Hacker News new | ask | show | jobs
by theonemind 2049 days ago
I got pretty good with vim. I'd say it was the fastest I could ever edit text. It really can be insanely fast for editing text but ultimately, I don't like vim. I don't spend that much time literally editing text, like a copy editor. I spend much more time typing and thinking, and very little editing.

I can touch type both QWERTY and Dvorak. I usually type Dvorak, and the longer I type QWERTY, the more I get this mental fatigue of continually overriding what my fingers wanted to do. Using vim gives me a tinge of that feeling, that I wouldn't recognize as a hint of that feeling if I didn't know how the bigger version of the feeling feels after a day of typing QWERTY. It has something to do with the impedance mismatch of hitting keys in the wrong mode/forgetting what mode you're in (humans are terrible at moded interfaces) and throwing around a minilanguage for text editing in my head besides the actual task I need to do.
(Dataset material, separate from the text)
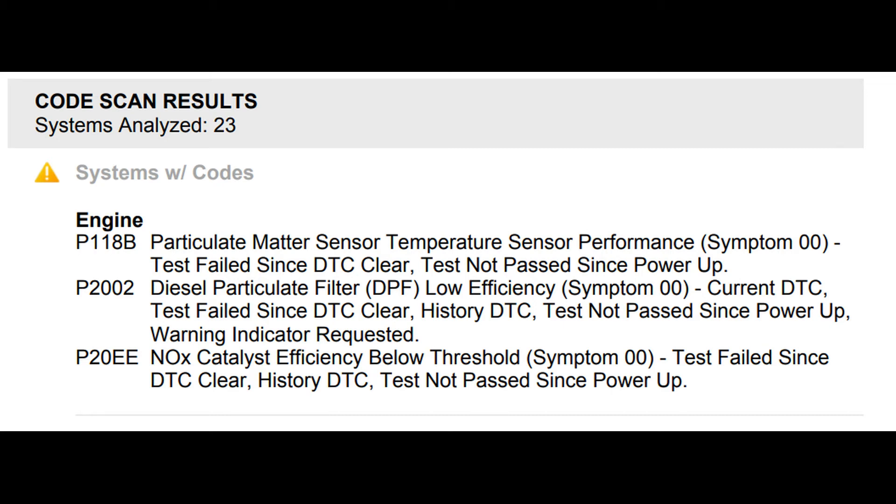This video is going to demonstrate how to use handheld tailpipe analysis or NOx testing in order to diagnose SCR problems completely and quickly. We've got a 2017 Chevy Duramax. It has a P20EE NOx catalyst efficiency below threshold and this is a perfect truck to demo this procedure on.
Saving 2 or 3 minutes of text editing a day isn't worth the aggravation.

I would say you can feel like you have a godlike sense of power over the text, like you're playing Age of Empires. Some people probably like that, and equate it with productivity and time-savings. It's optimizing for the wrong thing.

1 comments

It worked out the opposite way for me. Using vim bindings keeps me in flow. If I don't have them I get aggravated, every time I have to slog through an inconvenient editing task because I changed my mind about some bit of code. It's not the seconds I save that makes me more productive, it's the mental state it helps me stay in.

It doesn't resonate with everybody, but I think it's going too far to say it's optimizing for the wrong thing.